GRESIK (RadarJatim.id) — Majelis Ulama Indonesia (MUI) Gresik, Jawa Timur mengingatkan, penyelanggaraan Festial Pasar Bandeng yang tiap tahun digelar sepekan menjelang lebaran atau Hari Raya Idul Fitri, hendaknya tidak sekadar numpang tradisi turun-temurun Sunan Giri, tetapi secara riil memberikan dampak positif bagi peningkatan perekonomian umat.
Peringatan itu disampaikan agar dalam praktiknya, Festival Pasar Bandeng tradisional ini tidak terjebak dalam rutinitas yang hanya bersifat serimonial. Lebih dari itu, dampaknya bisa dirasakan langsung oleh masyarakat, baik di kalangan petani atau petambak, pedagang, juga masyarakat konsumen.

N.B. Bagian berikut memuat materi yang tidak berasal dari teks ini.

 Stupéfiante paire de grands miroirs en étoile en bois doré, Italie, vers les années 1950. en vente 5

“Bahwa ini kegiatan yang sudah turun-temurun berlangsung sejak zaman Sunan Giri, memang iya dan musti dilestarikan. Tetapi, jangan sekedar itu saja, tapi dampaknya harus dirasakan secara nyata oleh masyarakat luas, baik para petani tambak, pedagang, juga masyarakat secara umum,” ujar Ketua Umum MUI Gresik, KH Ainur Rofiq Thoyyib, di kantor MUI Gresik, Rabu (26/3/2025).

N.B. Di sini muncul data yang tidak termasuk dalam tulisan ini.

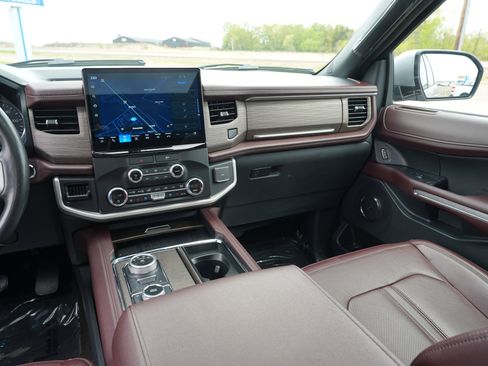 Used 2023 Ford Expedition Max Limited AWD/4WD image 23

Seperti diketahui, tiap tahun menjelang berakhirnya bulan Suci Ramadan dan menyambut datangnya Hari Raya Idul Fitri, Pemerintah Kabupaten Gresik secara rutin dan konsisten selalu menggelar Festival Pasar Bandeng. Tradisi tahunan ini diselenggarakan selama sepekan, mulai malam 25 Ramadan hingga akhir bulan suci tersebut.
Festival ini digelar sebagai upaya pelestarian tradisi khas Gresik. Lokasinya membentang di badan Jalan Samanhudi (Pasar Gresik lama, Red) hingga Jalan Basuki Rahmad atau kini dikenal sebagai Bandar Grisse.
Secara historis, tradisi atau budaya pasar bandeng telah ada sejak awal penyebaran Islam di Gresik oleh salah satu Wali Songo, yakni Raden Paku (Sunan Giri). Pasar bandeng bermula dari kebutuhan para santri di Pondok Pesantren Giri Kedaton, yang kini masuk wilayah Desa Sidomukti, Kecamatan Kebomas, Kabupaten Gresik.
Tradisi ini berawal dari kebiasaan para santri Sunan Giri pada abad ke-15 yang selalu membawa oleh-oleh khas Gresik saat hendak pulang kampung untuk merayakan lebaran/Idul Fitri. Para santri itu berasal dari berbagai daerah, seperti beberapa kota di Jawa, Ambon, Makassar, Sumatra, Kalimantan, serta wilayah lainnya di Nusantara.

Atas akar sejarah kuat dan memiliki potensi ekonomi yang luar biasa ini, MUI menyampaikan apresiasinya kepada Pemerintah Kabupaten (Pemkab) Gresik atas konsistensi penyelenggaraan Festival Pasar Bandeng. Tidak hanya itu, MUI Gresik juga mengingatkan agar pelaksanaan Festival Pasar Bandeng ini memberikan dampak positif kepada umat atau masyarakat.
“Jadi, sekali lagi jangan karena tradisi semata, tapi bagaimana membuat ekonomi umat ini bisa dibangkitkan. Apalagi secara umum perekonomian juga lagi ngedrop. Warisan budaya Sunan Giri ini harus terus kita lestarikan. Oleh karena itu, saya mengajak seluruh masyarakat Gresik untuk berbondong-bondong membeli ikan di Pasar Bandeng,” tandas Kiai Rofiq.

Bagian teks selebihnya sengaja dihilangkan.